Although I worked for two hours, I always feel a bit bad leaving before the other Friends. They went for lunch afterwards, which I later found out was offered free by a nearby hotel, but I was heading for the same Highbury task as Paul. I don’t know how I ever found the route difficult before; it’s very direct to Amwell Road and the straight North to the Canonbury route, which I do know far better now.

I met two newbies, Helena and Flora, who was fairly quiet, and on the way to the meadow I chatted to a sweet, relaxed girl, Lora, starting by pointing out how long Fran takes explaining the tasks, something Lora had already been thinking. Rachel was also there, she got to know Flora, Patrick tried to get me to help him with cutting, but I wanted to chat with the girls.
I met Jack at King’s Cross, and we went to the bike shop. His bike is not ready yet, and I didn’t have the right brake blocks for them to do mine – but I had tightened the front cables. We walked through the “green way” to Regent’s Park, where we were going to look at the 2020 Frieze sculptures.
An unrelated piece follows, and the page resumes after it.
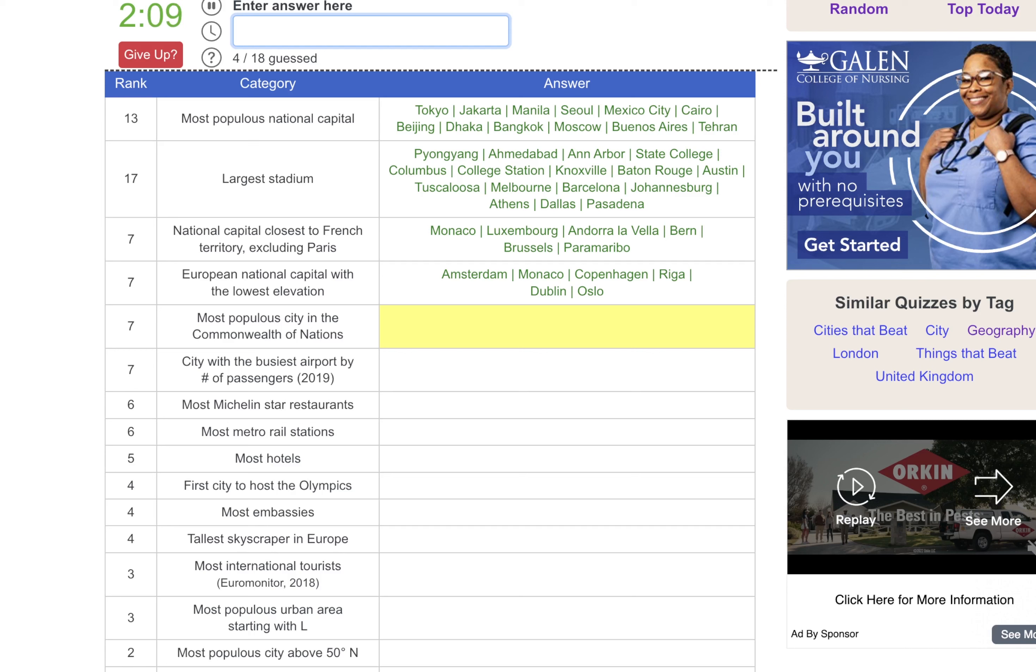Most populous city above 50 north, I'm thinking St. Petersburg. Or Moscow. Just Moscow. Most populous city in the year 1950, we'll go New York. Most populous city in 1800, I'm thinking Rome or Paris. Athens. Moscow potentially. What other big cities are there? That could be like Birmingham. Or Manchester.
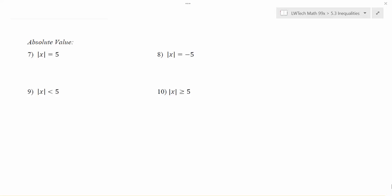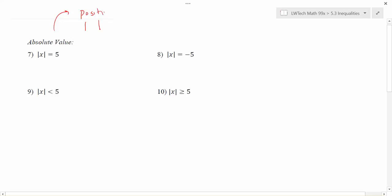In this video I want to address the absolute value function. The absolute value function is one that we denote by using vertical bars around something. I generally think of the absolute value function as a positive making machine — it takes whatever value is inside and turns it positive.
I generally like the installations but the explanations of their meanings are ridiculous. A giant sculpture of a plait of hair (by Kalliopi Lemos, made up of individual strands), which I thought resembled a tree, supposedly represented freedom. There was also a giant sandwich by Sarah Lucas, some open doors, more doors with ladies painted on them, some painted giant leaves, some dot-matrix moving signs showing prices from search results, a messy concrete statue of a man supposedly pulling a version of himself out from a plinth, a messy concrete circle made of jagged pieces, and a woman’s torso. Concrete animal heads lying on the grass were good, but best was a cleverly warped wooden structure, which looked . Worst was a messy pole. https://www.frieze.com/video/nature-touch-resistance-frieze-sculpture-exceptional-time.

We just missed the café, which shut at 17:00, but we sat in the outside seats, and watched one at a time as people marched up to the café before realising at different stages, that it was closed (others did the same with the toilets).